Aim of the exercise ▸ Given the records underneath, please repeat exactly the lines from the line with "Maroon SUV fender" through the line with "Narrow Rosarita Sterling", passing over any picture.

The data ▸
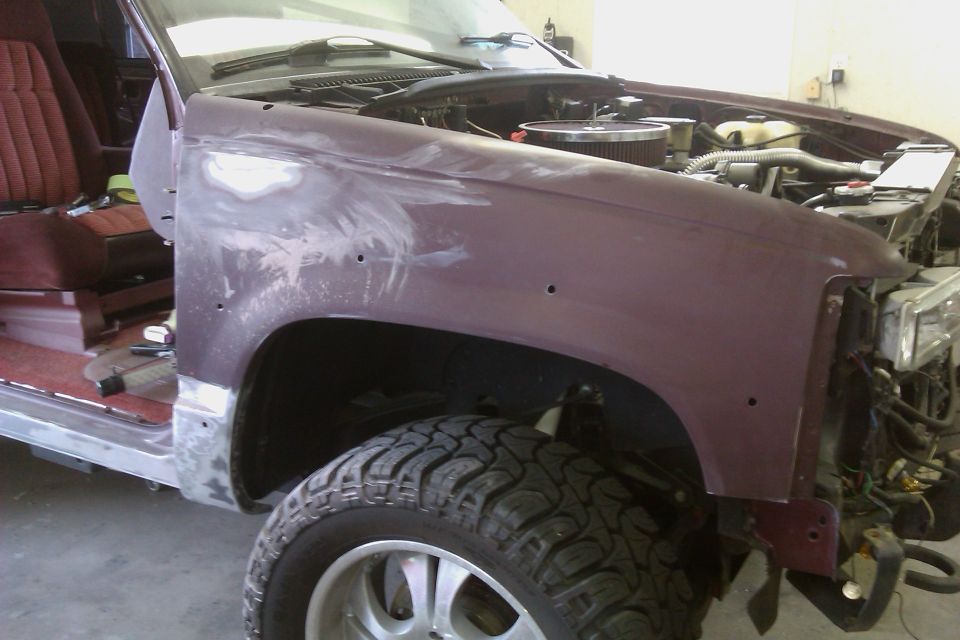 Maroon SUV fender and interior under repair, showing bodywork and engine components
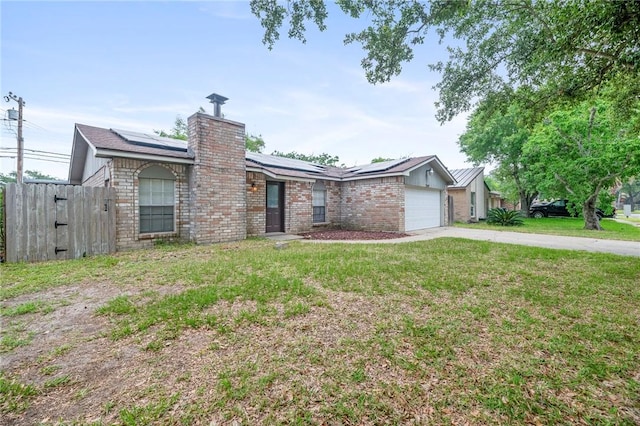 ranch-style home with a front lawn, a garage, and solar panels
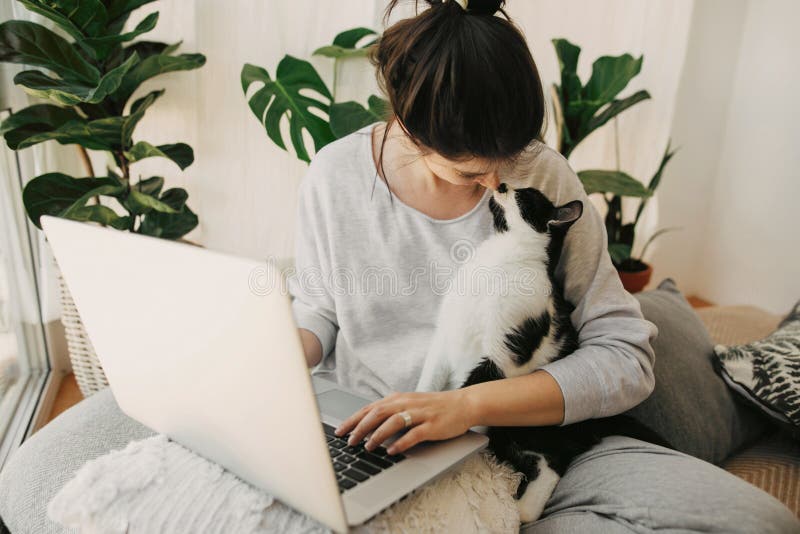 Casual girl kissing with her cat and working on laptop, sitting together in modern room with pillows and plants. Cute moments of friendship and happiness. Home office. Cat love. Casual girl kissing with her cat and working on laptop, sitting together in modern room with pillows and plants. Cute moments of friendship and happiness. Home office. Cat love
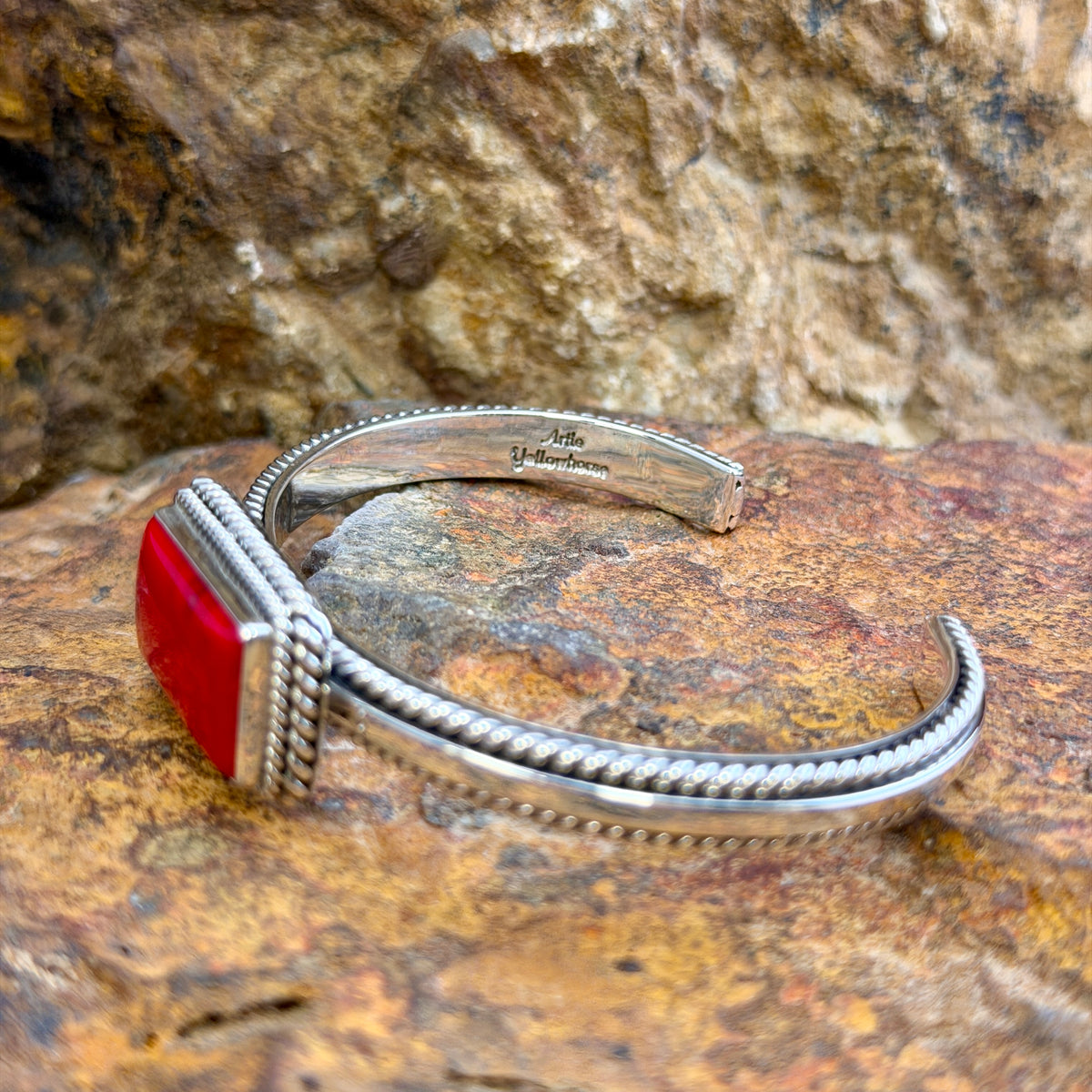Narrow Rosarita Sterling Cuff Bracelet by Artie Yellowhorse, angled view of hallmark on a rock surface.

==

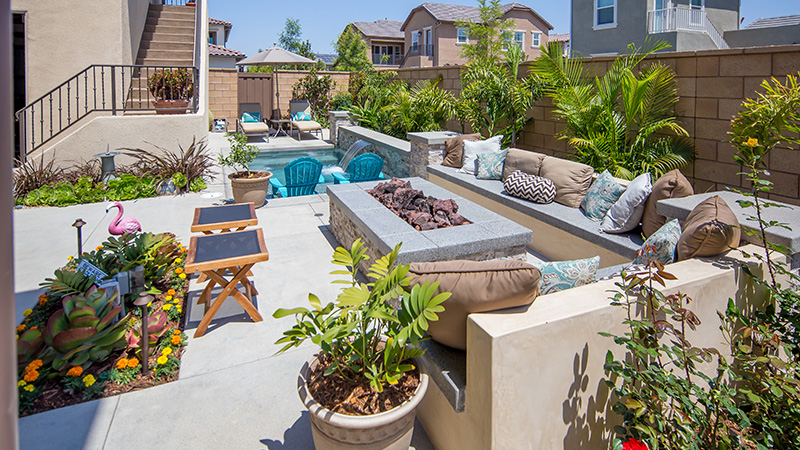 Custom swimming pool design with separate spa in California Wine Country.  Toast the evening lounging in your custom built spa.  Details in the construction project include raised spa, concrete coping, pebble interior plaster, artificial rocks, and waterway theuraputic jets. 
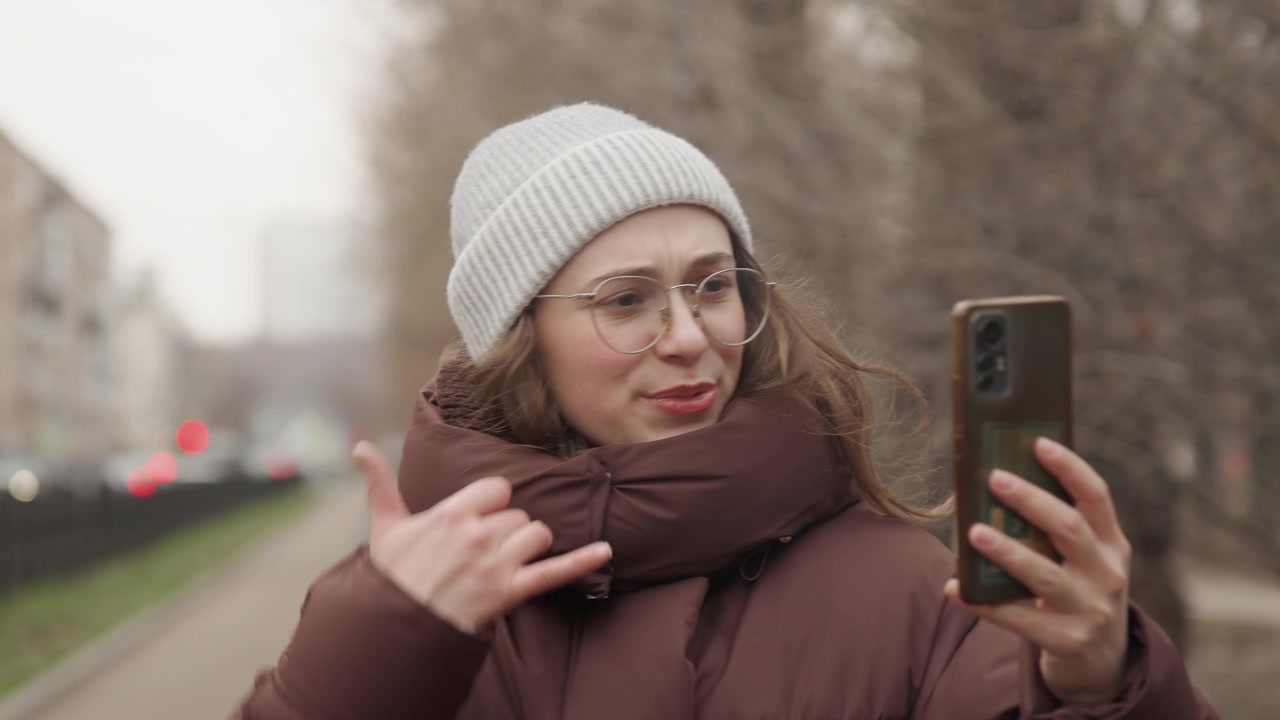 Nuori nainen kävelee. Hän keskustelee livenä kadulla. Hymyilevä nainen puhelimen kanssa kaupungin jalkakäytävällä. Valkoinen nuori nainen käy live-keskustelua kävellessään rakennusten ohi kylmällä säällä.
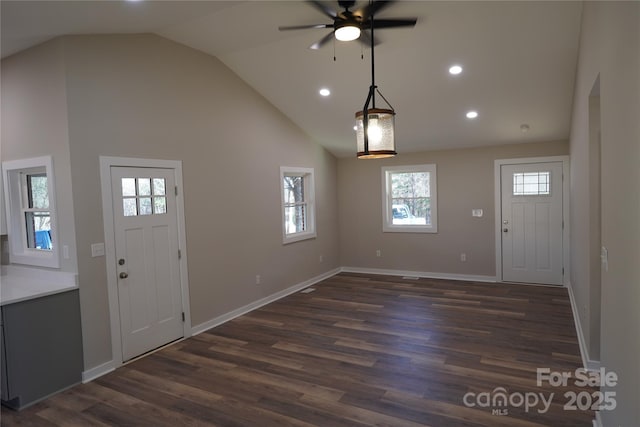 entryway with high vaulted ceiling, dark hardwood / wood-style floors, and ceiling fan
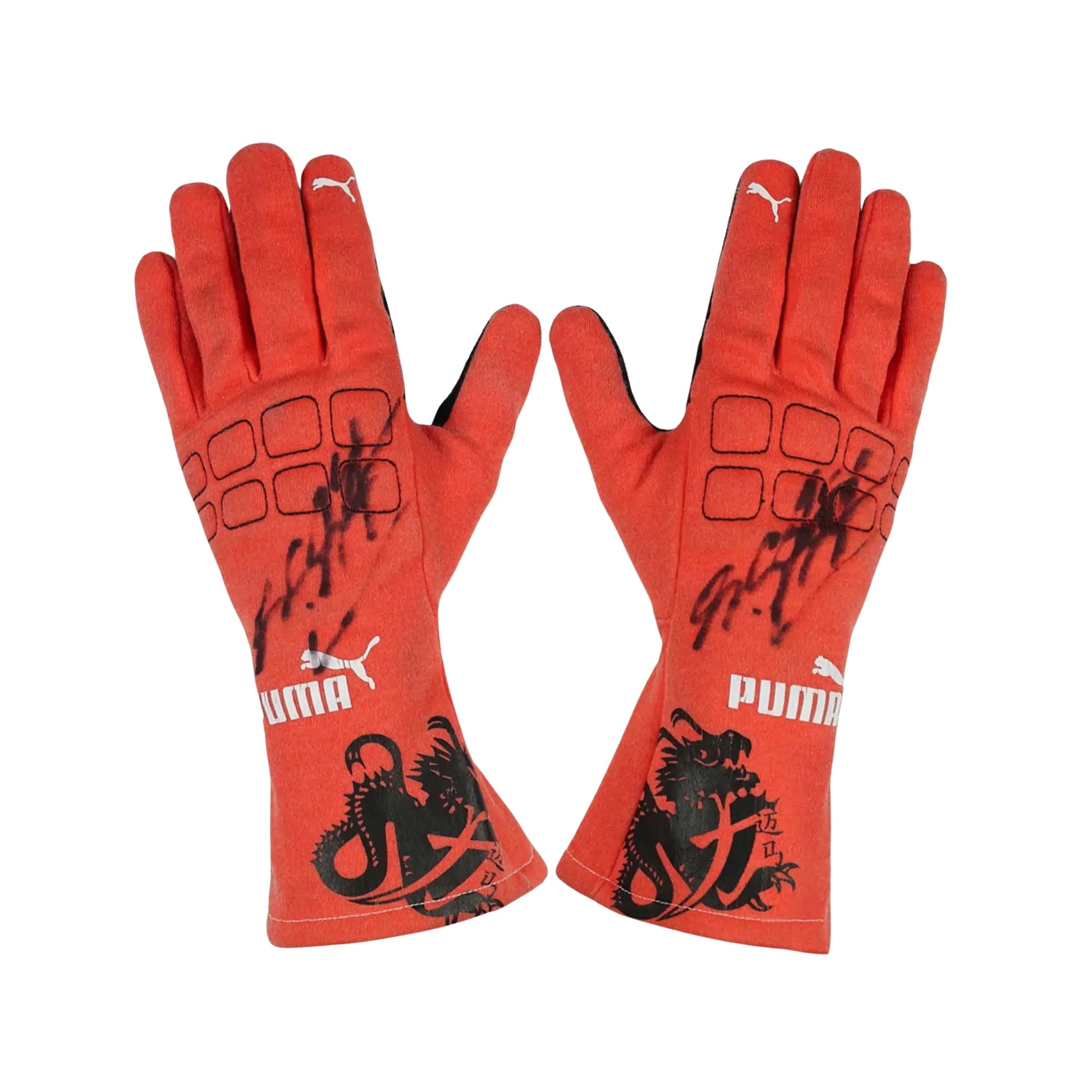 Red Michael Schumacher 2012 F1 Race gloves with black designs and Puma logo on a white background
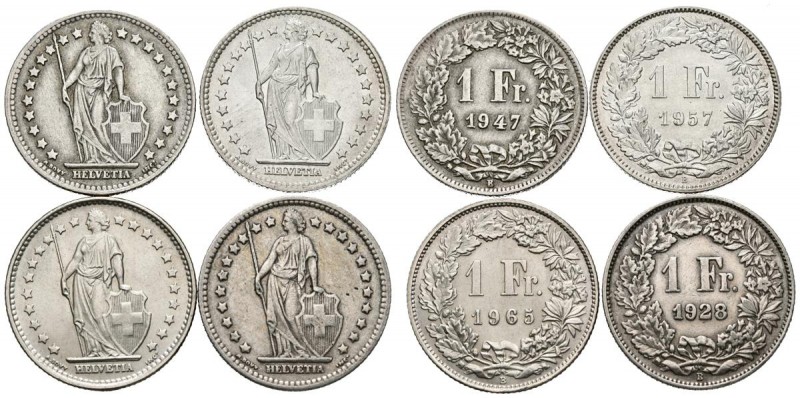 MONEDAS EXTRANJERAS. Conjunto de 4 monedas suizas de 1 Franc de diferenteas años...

--

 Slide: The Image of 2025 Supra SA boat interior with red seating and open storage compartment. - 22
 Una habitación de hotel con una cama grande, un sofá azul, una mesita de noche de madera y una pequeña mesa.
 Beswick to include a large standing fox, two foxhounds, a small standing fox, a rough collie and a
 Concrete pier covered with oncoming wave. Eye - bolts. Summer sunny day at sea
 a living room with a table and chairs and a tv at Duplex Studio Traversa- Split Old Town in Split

Response area ▸
 Maroon SUV fender and interior under repair, showing bodywork and engine components
 ranch-style home with a front lawn, a garage, and solar panels
 Casual girl kissing with her cat and working on laptop, sitting together in modern room with pillows and plants. Cute moments of friendship and happiness. Home office. Cat love. Casual girl kissing with her cat and working on laptop, sitting together in modern room with pillows and plants. Cute moments of friendship and happiness. Home office. Cat love
Narrow Rosarita Sterling Cuff Bracelet by Artie Yellowhorse, angled view of hallmark on a rock surface.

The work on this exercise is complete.